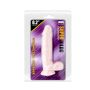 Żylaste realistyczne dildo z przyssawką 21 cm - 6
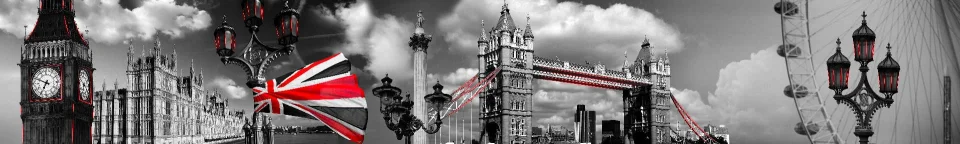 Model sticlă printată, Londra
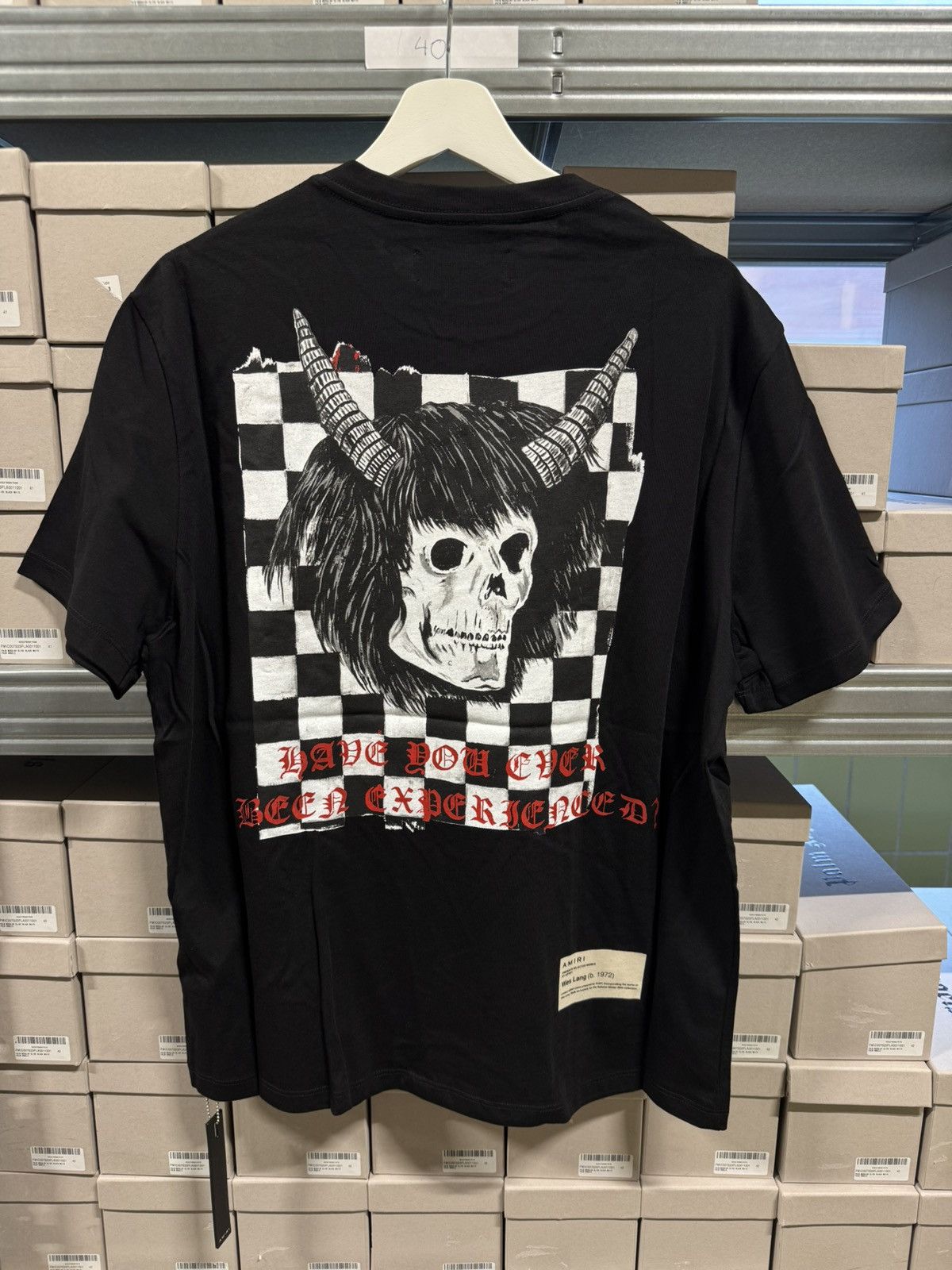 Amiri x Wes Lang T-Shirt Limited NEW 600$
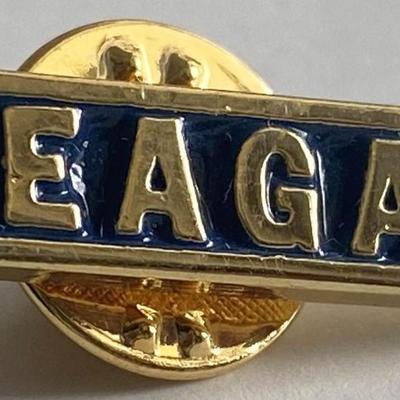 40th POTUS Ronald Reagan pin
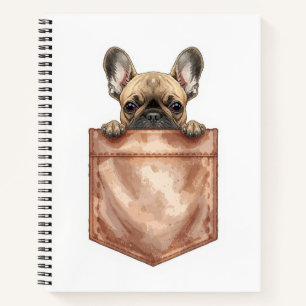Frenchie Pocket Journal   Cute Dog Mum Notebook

+++

Would you print all of the entries exactly, omitting any image?

Solution:
 Żylaste realistyczne dildo z przyssawką 21 cm - 6
 Model sticlă printată, Londra
 Amiri x Wes Lang T-Shirt Limited NEW 600$
 40th POTUS Ronald Reagan pin
Frenchie Pocket Journal   Cute Dog Mum Notebook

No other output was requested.